Images excluded, repeat each entry below exactly.

=== Begin Enclosure ===

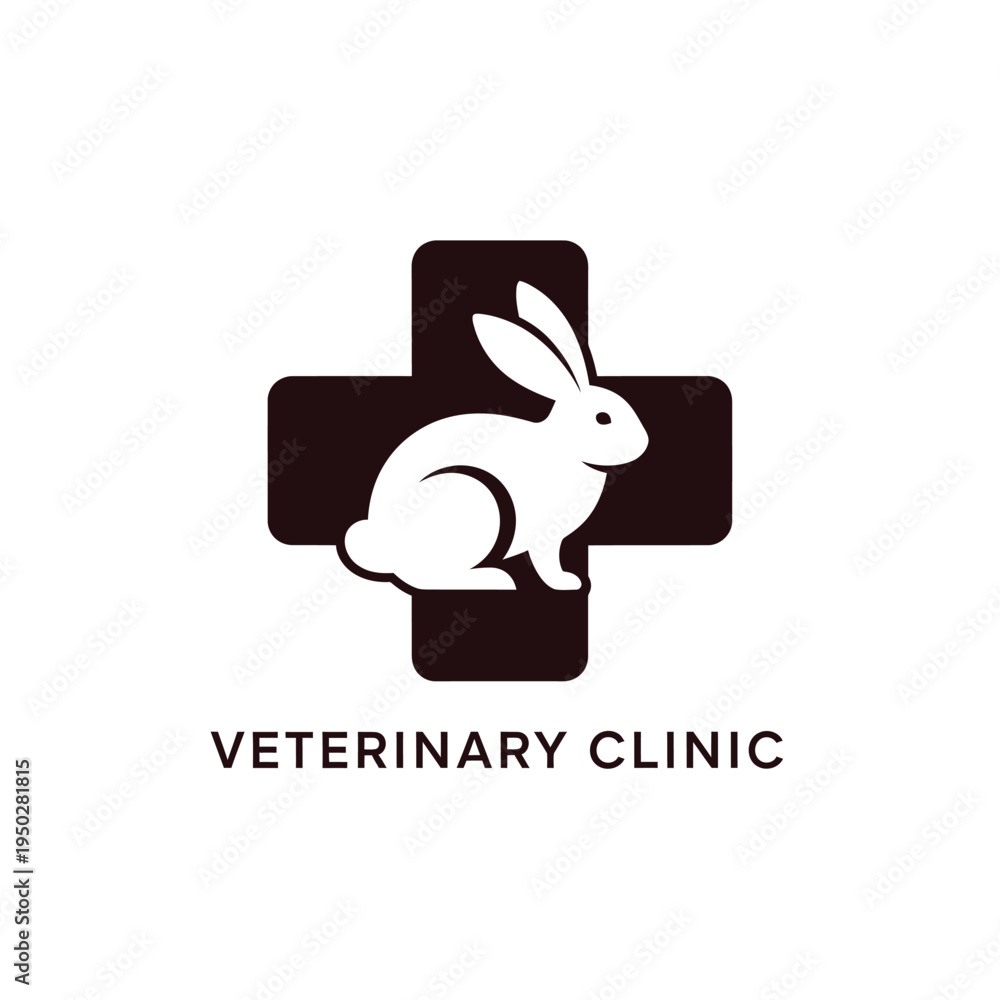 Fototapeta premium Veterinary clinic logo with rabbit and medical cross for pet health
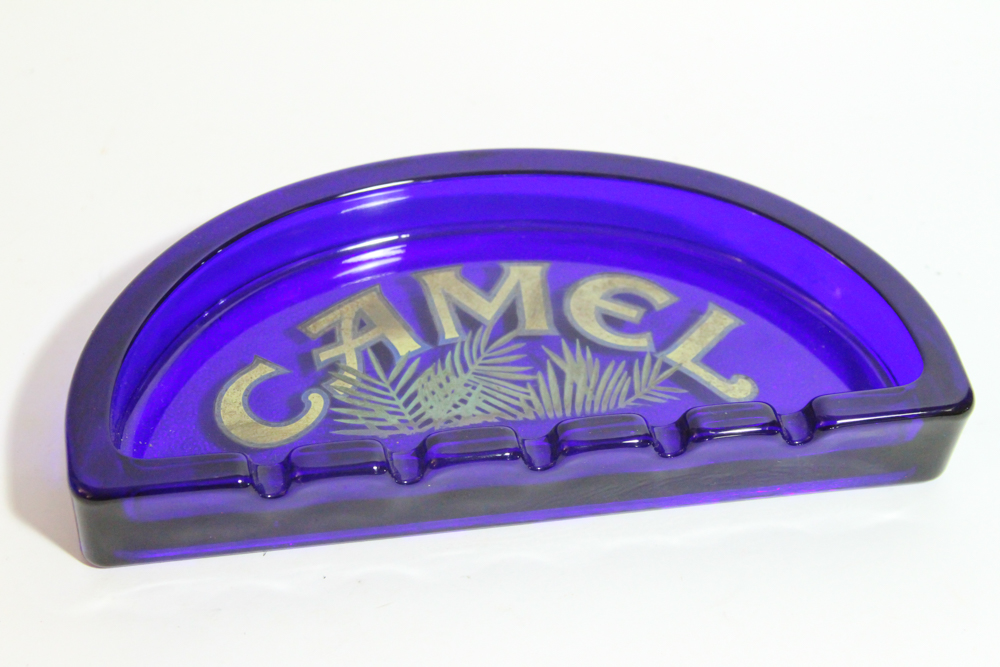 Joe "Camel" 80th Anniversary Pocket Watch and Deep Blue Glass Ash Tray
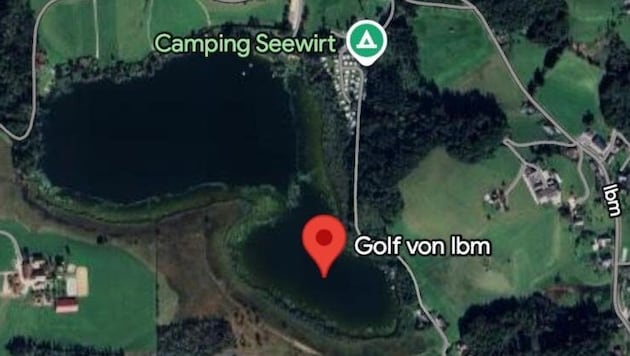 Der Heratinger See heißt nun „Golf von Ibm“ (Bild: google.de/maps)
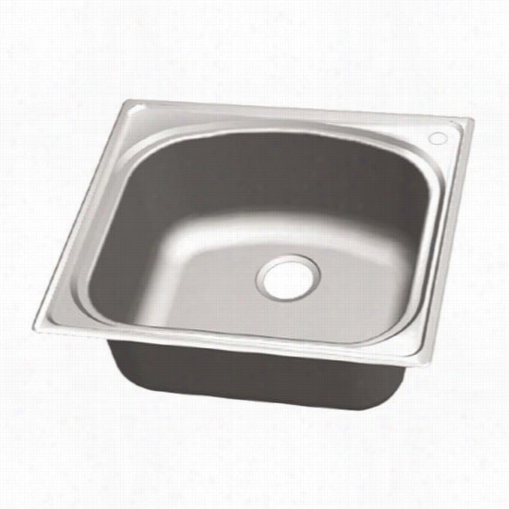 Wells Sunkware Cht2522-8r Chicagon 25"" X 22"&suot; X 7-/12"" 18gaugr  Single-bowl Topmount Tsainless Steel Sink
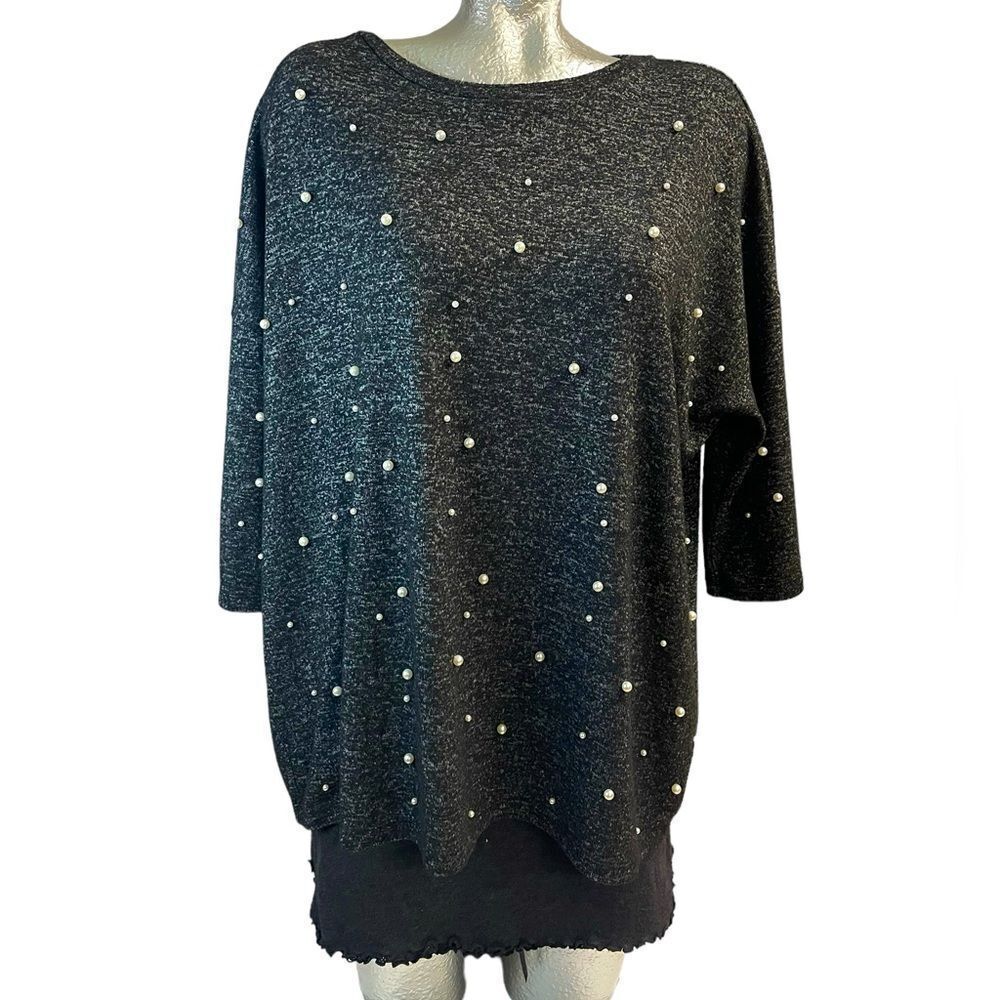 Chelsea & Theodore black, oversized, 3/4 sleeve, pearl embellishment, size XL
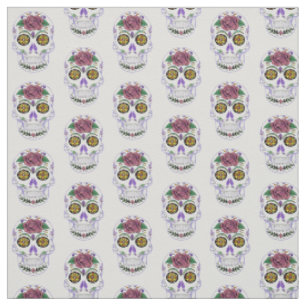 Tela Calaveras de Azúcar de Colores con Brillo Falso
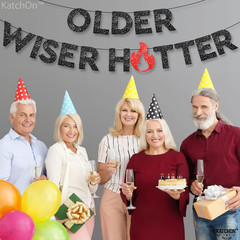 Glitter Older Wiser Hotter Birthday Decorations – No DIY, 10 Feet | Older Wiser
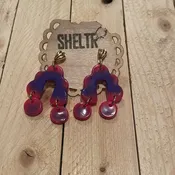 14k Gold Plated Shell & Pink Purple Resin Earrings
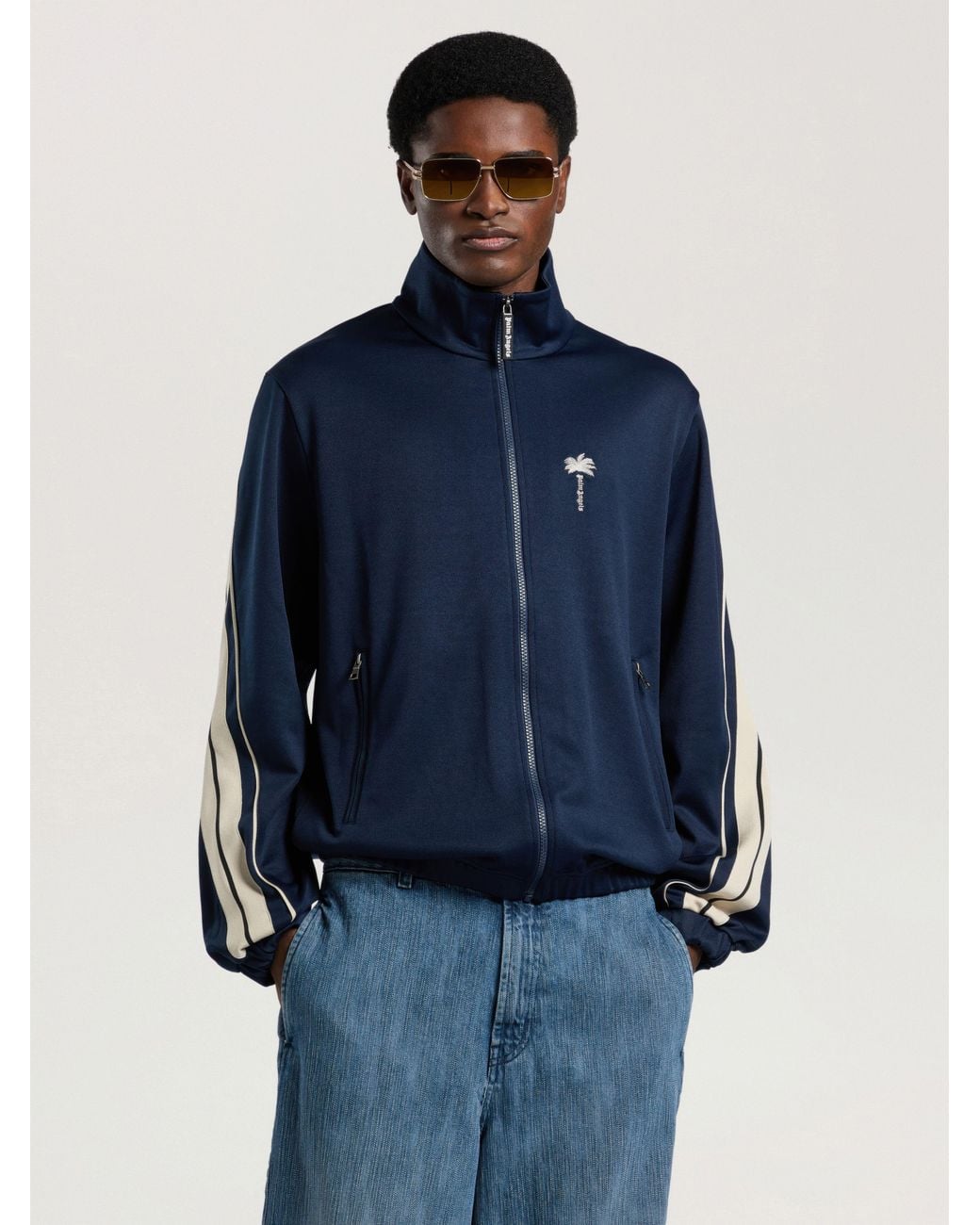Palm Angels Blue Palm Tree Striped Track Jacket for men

=== End Enclosure ===

* [Output for this task]
 Fototapeta premium Veterinary clinic logo with rabbit and medical cross for pet health
 Joe "Camel" 80th Anniversary Pocket Watch and Deep Blue Glass Ash Tray
 Der Heratinger See heißt nun „Golf von Ibm“ (Bild: google.de/maps)
 Wells Sunkware Cht2522-8r Chicagon 25"" X 22"&suot; X 7-/12"" 18gaugr  Single-bowl Topmount Tsainless Steel Sink
 Chelsea & Theodore black, oversized, 3/4 sleeve, pearl embellishment, size XL
 Tela Calaveras de Azúcar de Colores con Brillo Falso
 Glitter Older Wiser Hotter Birthday Decorations – No DIY, 10 Feet | Older Wiser
 14k Gold Plated Shell & Pink Purple Resin Earrings
Palm Angels Blue Palm Tree Striped Track Jacket for men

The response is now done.